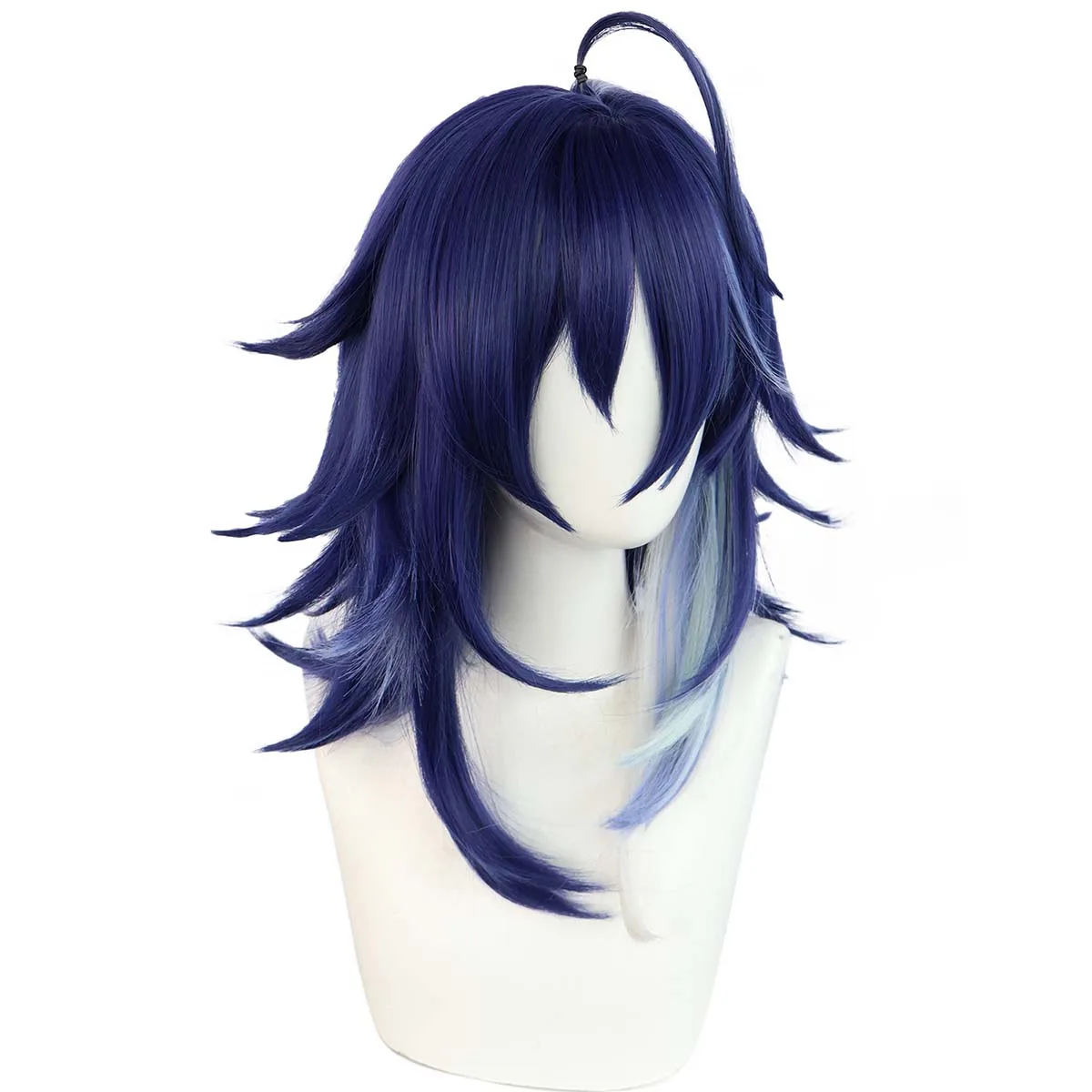 2026 quality Goods Halloween Party Game Genshin Impact Cosplay Ororon Short Blue Hair Wig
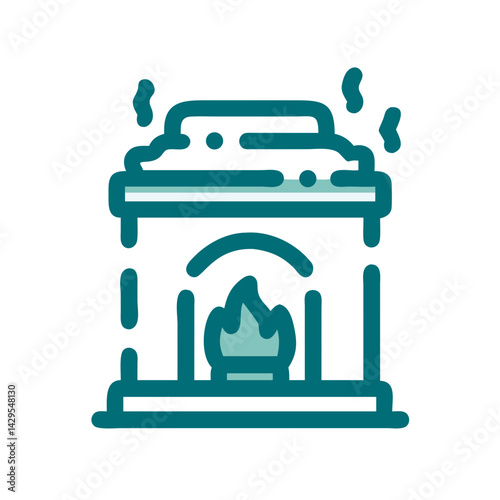 Crematorium icon featuring a stylized fireplace with smoke in a solemn design
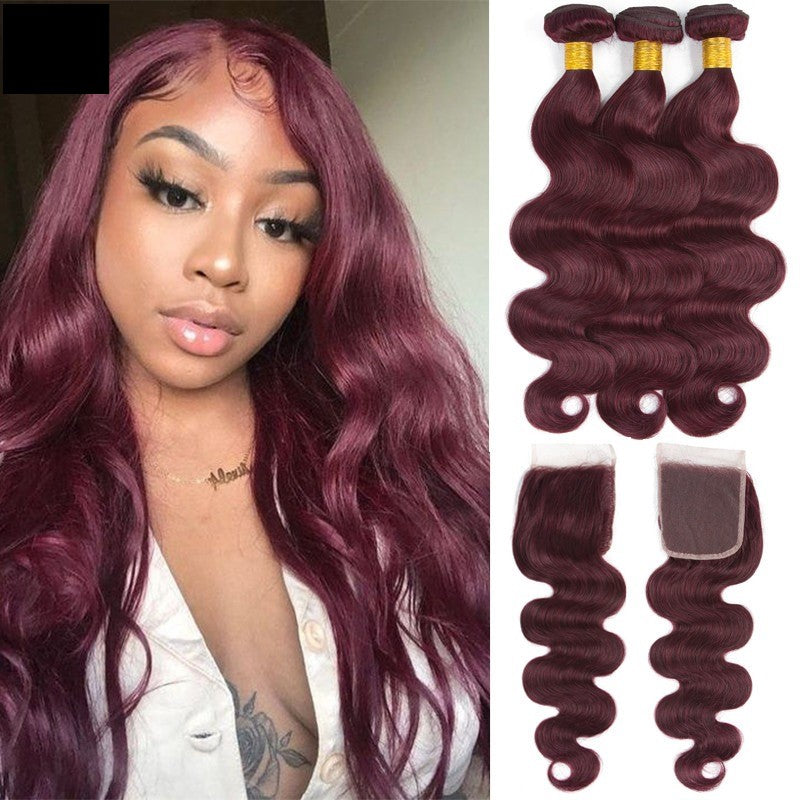 10A Grade #99J Body Wave hair bundles with 4x4 closure and 13x4 frontal, showcasing rich color and texture.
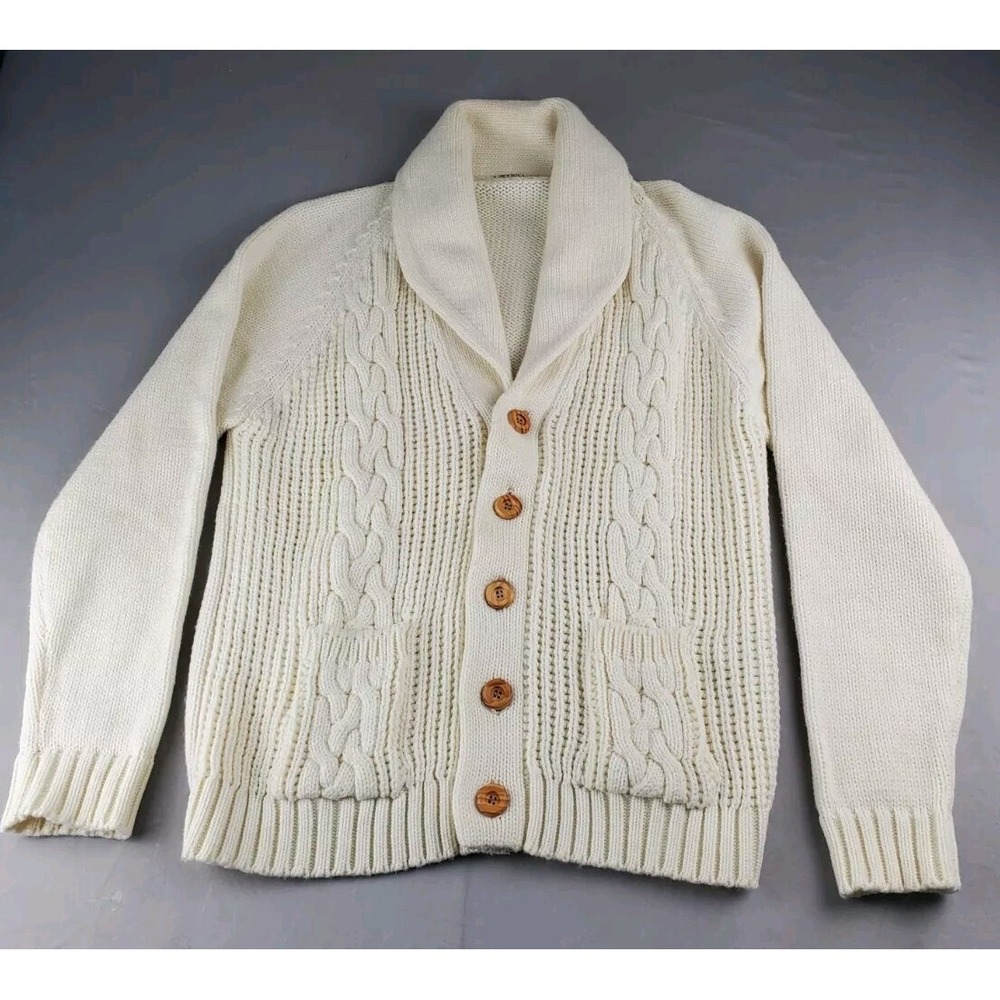 Gimbels Sweater Men XL Acrylic cable knit shawl collar cardigan Fisherman Dad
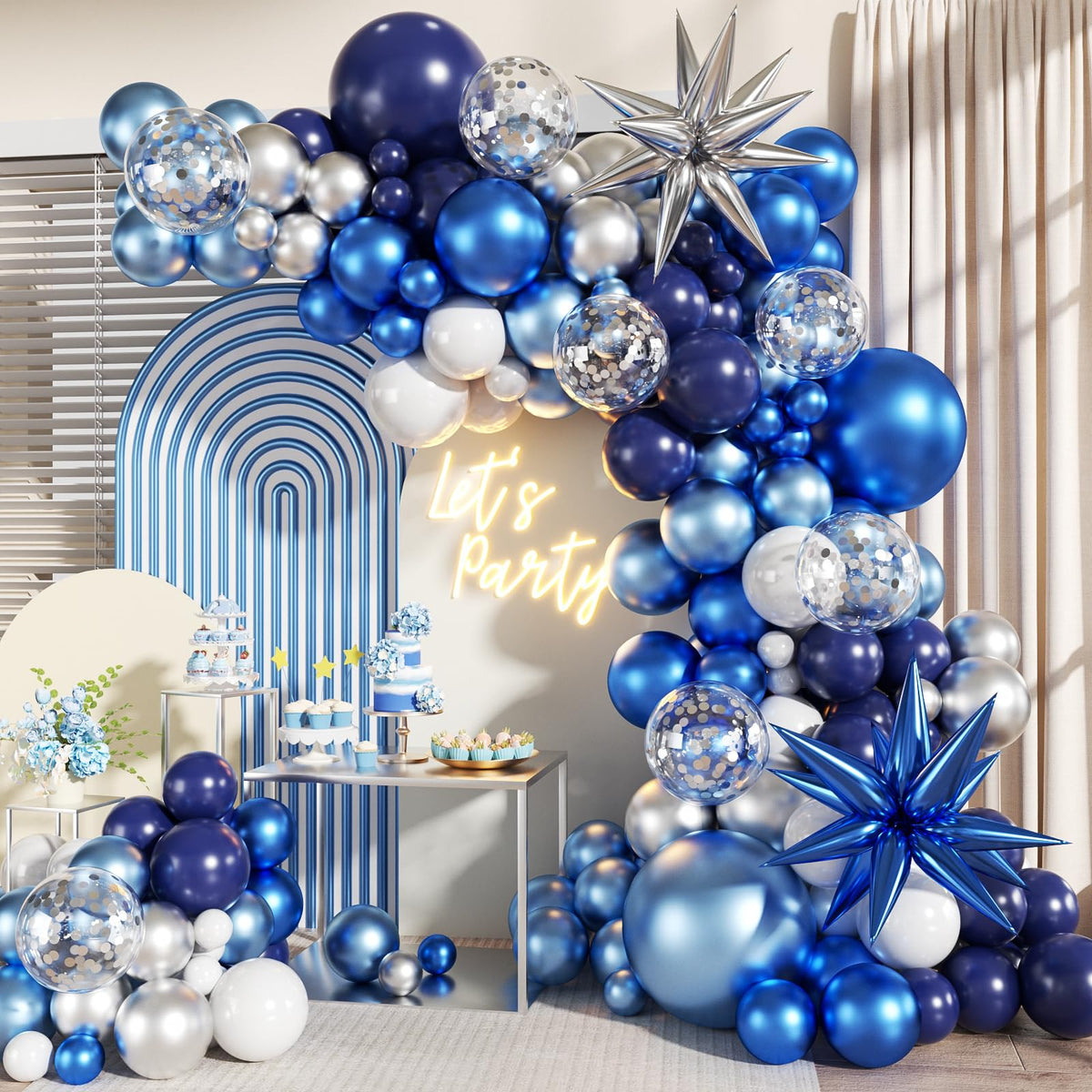 140-Piece Confetti & Star Balloon Garland Arch Kit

+===+

# EXERCISE
In the copy, include no pictures; restate the listing above exactly.

# REPLY
 2026 quality Goods Halloween Party Game Genshin Impact Cosplay Ororon Short Blue Hair Wig
 Crematorium icon featuring a stylized fireplace with smoke in a solemn design
 10A Grade #99J Body Wave hair bundles with 4x4 closure and 13x4 frontal, showcasing rich color and texture.
 Gimbels Sweater Men XL Acrylic cable knit shawl collar cardigan Fisherman Dad
 140-Piece Confetti & Star Balloon Garland Arch Kit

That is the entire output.